§ YOUR OBJECTIVE
A verbatim copy of every entry is required. Produce it now.

§ MATERIAL FOR THIS EXERCISE
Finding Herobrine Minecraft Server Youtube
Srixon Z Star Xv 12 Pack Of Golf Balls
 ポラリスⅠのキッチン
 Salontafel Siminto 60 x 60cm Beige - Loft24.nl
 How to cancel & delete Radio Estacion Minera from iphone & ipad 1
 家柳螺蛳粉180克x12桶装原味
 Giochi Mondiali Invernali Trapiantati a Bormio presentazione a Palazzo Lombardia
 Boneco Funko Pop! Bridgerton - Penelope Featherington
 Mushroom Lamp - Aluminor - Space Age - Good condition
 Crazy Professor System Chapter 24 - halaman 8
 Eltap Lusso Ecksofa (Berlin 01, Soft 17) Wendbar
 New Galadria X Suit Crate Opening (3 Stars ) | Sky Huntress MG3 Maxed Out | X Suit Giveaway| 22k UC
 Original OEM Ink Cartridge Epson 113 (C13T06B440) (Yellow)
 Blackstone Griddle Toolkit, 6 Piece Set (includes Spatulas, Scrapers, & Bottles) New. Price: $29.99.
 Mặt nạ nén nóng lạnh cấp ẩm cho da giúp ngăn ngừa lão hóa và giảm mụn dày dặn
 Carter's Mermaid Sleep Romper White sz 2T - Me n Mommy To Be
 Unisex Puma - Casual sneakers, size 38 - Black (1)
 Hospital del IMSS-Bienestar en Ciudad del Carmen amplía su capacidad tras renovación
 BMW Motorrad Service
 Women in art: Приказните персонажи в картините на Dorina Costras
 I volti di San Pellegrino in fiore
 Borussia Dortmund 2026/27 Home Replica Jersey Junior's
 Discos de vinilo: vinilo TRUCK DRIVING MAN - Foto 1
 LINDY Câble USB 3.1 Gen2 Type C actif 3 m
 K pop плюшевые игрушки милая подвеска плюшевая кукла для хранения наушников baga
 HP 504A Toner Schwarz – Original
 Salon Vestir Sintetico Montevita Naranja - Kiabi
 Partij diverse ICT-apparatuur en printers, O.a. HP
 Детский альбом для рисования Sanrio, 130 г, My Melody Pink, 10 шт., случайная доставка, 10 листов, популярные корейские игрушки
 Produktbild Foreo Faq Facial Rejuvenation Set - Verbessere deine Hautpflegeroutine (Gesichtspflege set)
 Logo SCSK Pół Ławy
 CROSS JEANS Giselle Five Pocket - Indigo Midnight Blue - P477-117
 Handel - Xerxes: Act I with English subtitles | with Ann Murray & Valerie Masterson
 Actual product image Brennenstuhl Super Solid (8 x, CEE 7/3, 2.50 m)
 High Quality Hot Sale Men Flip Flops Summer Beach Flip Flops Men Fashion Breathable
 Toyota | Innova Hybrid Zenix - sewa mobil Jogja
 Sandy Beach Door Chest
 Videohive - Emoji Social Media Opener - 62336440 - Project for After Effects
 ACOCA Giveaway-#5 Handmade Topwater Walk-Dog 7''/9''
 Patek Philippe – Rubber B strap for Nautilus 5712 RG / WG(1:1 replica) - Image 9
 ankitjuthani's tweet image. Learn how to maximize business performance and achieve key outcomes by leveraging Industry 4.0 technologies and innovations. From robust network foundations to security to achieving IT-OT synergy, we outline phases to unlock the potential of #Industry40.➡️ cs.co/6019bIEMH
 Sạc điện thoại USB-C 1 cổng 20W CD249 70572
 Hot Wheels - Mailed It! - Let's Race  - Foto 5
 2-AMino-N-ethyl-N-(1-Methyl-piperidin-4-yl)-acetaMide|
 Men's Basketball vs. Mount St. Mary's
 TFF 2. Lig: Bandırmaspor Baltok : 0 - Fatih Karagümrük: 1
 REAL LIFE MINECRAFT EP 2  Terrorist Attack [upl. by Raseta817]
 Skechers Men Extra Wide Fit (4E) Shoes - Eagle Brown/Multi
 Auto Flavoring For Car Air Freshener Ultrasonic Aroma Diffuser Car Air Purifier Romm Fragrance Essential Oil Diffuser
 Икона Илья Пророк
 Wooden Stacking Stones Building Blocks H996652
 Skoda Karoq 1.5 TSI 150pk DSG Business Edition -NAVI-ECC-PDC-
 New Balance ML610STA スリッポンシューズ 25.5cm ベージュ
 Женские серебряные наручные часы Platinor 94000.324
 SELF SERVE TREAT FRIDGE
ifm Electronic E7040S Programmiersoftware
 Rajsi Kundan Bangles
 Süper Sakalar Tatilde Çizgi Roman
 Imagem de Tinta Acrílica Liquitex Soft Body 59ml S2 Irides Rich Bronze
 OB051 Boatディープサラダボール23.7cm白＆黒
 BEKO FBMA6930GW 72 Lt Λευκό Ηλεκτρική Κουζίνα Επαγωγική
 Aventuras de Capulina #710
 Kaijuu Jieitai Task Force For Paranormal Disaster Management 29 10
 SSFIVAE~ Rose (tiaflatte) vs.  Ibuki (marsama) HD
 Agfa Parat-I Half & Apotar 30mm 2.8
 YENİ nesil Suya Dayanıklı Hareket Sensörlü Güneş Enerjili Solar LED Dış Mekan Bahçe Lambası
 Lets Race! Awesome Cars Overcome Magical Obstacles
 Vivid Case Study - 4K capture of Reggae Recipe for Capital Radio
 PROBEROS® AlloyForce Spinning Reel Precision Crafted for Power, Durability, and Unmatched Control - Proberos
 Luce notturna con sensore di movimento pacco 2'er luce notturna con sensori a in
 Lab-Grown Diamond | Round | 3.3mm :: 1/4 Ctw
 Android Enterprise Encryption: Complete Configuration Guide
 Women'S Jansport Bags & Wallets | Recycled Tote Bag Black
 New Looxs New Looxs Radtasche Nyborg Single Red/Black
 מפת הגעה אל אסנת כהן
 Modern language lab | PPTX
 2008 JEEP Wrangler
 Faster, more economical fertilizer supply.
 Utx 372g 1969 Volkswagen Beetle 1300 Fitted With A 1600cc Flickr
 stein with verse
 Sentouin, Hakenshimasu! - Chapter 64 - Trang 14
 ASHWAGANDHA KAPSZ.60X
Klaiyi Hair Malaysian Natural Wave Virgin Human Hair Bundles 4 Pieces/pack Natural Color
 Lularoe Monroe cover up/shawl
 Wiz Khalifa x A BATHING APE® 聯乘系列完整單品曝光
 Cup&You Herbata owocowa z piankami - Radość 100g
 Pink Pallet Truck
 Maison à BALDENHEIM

§ ANSWER
Finding Herobrine Minecraft Server Youtube
Srixon Z Star Xv 12 Pack Of Golf Balls
 ポラリスⅠのキッチン
 Salontafel Siminto 60 x 60cm Beige - Loft24.nl
 How to cancel & delete Radio Estacion Minera from iphone & ipad 1
 家柳螺蛳粉180克x12桶装原味
 Giochi Mondiali Invernali Trapiantati a Bormio presentazione a Palazzo Lombardia
 Boneco Funko Pop! Bridgerton - Penelope Featherington
 Mushroom Lamp - Aluminor - Space Age - Good condition
 Crazy Professor System Chapter 24 - halaman 8
 Eltap Lusso Ecksofa (Berlin 01, Soft 17) Wendbar
 New Galadria X Suit Crate Opening (3 Stars ) | Sky Huntress MG3 Maxed Out | X Suit Giveaway| 22k UC
 Original OEM Ink Cartridge Epson 113 (C13T06B440) (Yellow)
 Blackstone Griddle Toolkit, 6 Piece Set (includes Spatulas, Scrapers, & Bottles) New. Price: $29.99.
 Mặt nạ nén nóng lạnh cấp ẩm cho da giúp ngăn ngừa lão hóa và giảm mụn dày dặn
 Carter's Mermaid Sleep Romper White sz 2T - Me n Mommy To Be
 Unisex Puma - Casual sneakers, size 38 - Black (1)
 Hospital del IMSS-Bienestar en Ciudad del Carmen amplía su capacidad tras renovación
 BMW Motorrad Service
 Women in art: Приказните персонажи в картините на Dorina Costras
 I volti di San Pellegrino in fiore
 Borussia Dortmund 2026/27 Home Replica Jersey Junior's
 Discos de vinilo: vinilo TRUCK DRIVING MAN - Foto 1
 LINDY Câble USB 3.1 Gen2 Type C actif 3 m
 K pop плюшевые игрушки милая подвеска плюшевая кукла для хранения наушников baga
 HP 504A Toner Schwarz – Original
 Salon Vestir Sintetico Montevita Naranja - Kiabi
 Partij diverse ICT-apparatuur en printers, O.a. HP
 Детский альбом для рисования Sanrio, 130 г, My Melody Pink, 10 шт., случайная доставка, 10 листов, популярные корейские игрушки
 Produktbild Foreo Faq Facial Rejuvenation Set - Verbessere deine Hautpflegeroutine (Gesichtspflege set)
 Logo SCSK Pół Ławy
 CROSS JEANS Giselle Five Pocket - Indigo Midnight Blue - P477-117
 Handel - Xerxes: Act I with English subtitles | with Ann Murray & Valerie Masterson
 Actual product image Brennenstuhl Super Solid (8 x, CEE 7/3, 2.50 m)
 High Quality Hot Sale Men Flip Flops Summer Beach Flip Flops Men Fashion Breathable
 Toyota | Innova Hybrid Zenix - sewa mobil Jogja
 Sandy Beach Door Chest
 Videohive - Emoji Social Media Opener - 62336440 - Project for After Effects
 ACOCA Giveaway-#5 Handmade Topwater Walk-Dog 7''/9''
 Patek Philippe – Rubber B strap for Nautilus 5712 RG / WG(1:1 replica) - Image 9
 ankitjuthani's tweet image. Learn how to maximize business performance and achieve key outcomes by leveraging Industry 4.0 technologies and innovations. From robust network foundations to security to achieving IT-OT synergy, we outline phases to unlock the potential of #Industry40.➡️ cs.co/6019bIEMH
 Sạc điện thoại USB-C 1 cổng 20W CD249 70572
 Hot Wheels - Mailed It! - Let's Race  - Foto 5
 2-AMino-N-ethyl-N-(1-Methyl-piperidin-4-yl)-acetaMide|
 Men's Basketball vs. Mount St. Mary's
 TFF 2. Lig: Bandırmaspor Baltok : 0 - Fatih Karagümrük: 1
 REAL LIFE MINECRAFT EP 2  Terrorist Attack [upl. by Raseta817]
 Skechers Men Extra Wide Fit (4E) Shoes - Eagle Brown/Multi
 Auto Flavoring For Car Air Freshener Ultrasonic Aroma Diffuser Car Air Purifier Romm Fragrance Essential Oil Diffuser
 Икона Илья Пророк
 Wooden Stacking Stones Building Blocks H996652
 Skoda Karoq 1.5 TSI 150pk DSG Business Edition -NAVI-ECC-PDC-
 New Balance ML610STA スリッポンシューズ 25.5cm ベージュ
 Женские серебряные наручные часы Platinor 94000.324
 SELF SERVE TREAT FRIDGE
ifm Electronic E7040S Programmiersoftware
 Rajsi Kundan Bangles
 Süper Sakalar Tatilde Çizgi Roman
 Imagem de Tinta Acrílica Liquitex Soft Body 59ml S2 Irides Rich Bronze
 OB051 Boatディープサラダボール23.7cm白＆黒
 BEKO FBMA6930GW 72 Lt Λευκό Ηλεκτρική Κουζίνα Επαγωγική
 Aventuras de Capulina #710
 Kaijuu Jieitai Task Force For Paranormal Disaster Management 29 10
 SSFIVAE~ Rose (tiaflatte) vs.  Ibuki (marsama) HD
 Agfa Parat-I Half & Apotar 30mm 2.8
 YENİ nesil Suya Dayanıklı Hareket Sensörlü Güneş Enerjili Solar LED Dış Mekan Bahçe Lambası
 Lets Race! Awesome Cars Overcome Magical Obstacles
 Vivid Case Study - 4K capture of Reggae Recipe for Capital Radio
 PROBEROS® AlloyForce Spinning Reel Precision Crafted for Power, Durability, and Unmatched Control - Proberos
 Luce notturna con sensore di movimento pacco 2'er luce notturna con sensori a in
 Lab-Grown Diamond | Round | 3.3mm :: 1/4 Ctw
 Android Enterprise Encryption: Complete Configuration Guide
 Women'S Jansport Bags & Wallets | Recycled Tote Bag Black
 New Looxs New Looxs Radtasche Nyborg Single Red/Black
 מפת הגעה אל אסנת כהן
 Modern language lab | PPTX
 2008 JEEP Wrangler
 Faster, more economical fertilizer supply.
 Utx 372g 1969 Volkswagen Beetle 1300 Fitted With A 1600cc Flickr
 stein with verse
 Sentouin, Hakenshimasu! - Chapter 64 - Trang 14
 ASHWAGANDHA KAPSZ.60X
Klaiyi Hair Malaysian Natural Wave Virgin Human Hair Bundles 4 Pieces/pack Natural Color
 Lularoe Monroe cover up/shawl
 Wiz Khalifa x A BATHING APE® 聯乘系列完整單品曝光
 Cup&You Herbata owocowa z piankami - Radość 100g
 Pink Pallet Truck
 Maison à BALDENHEIM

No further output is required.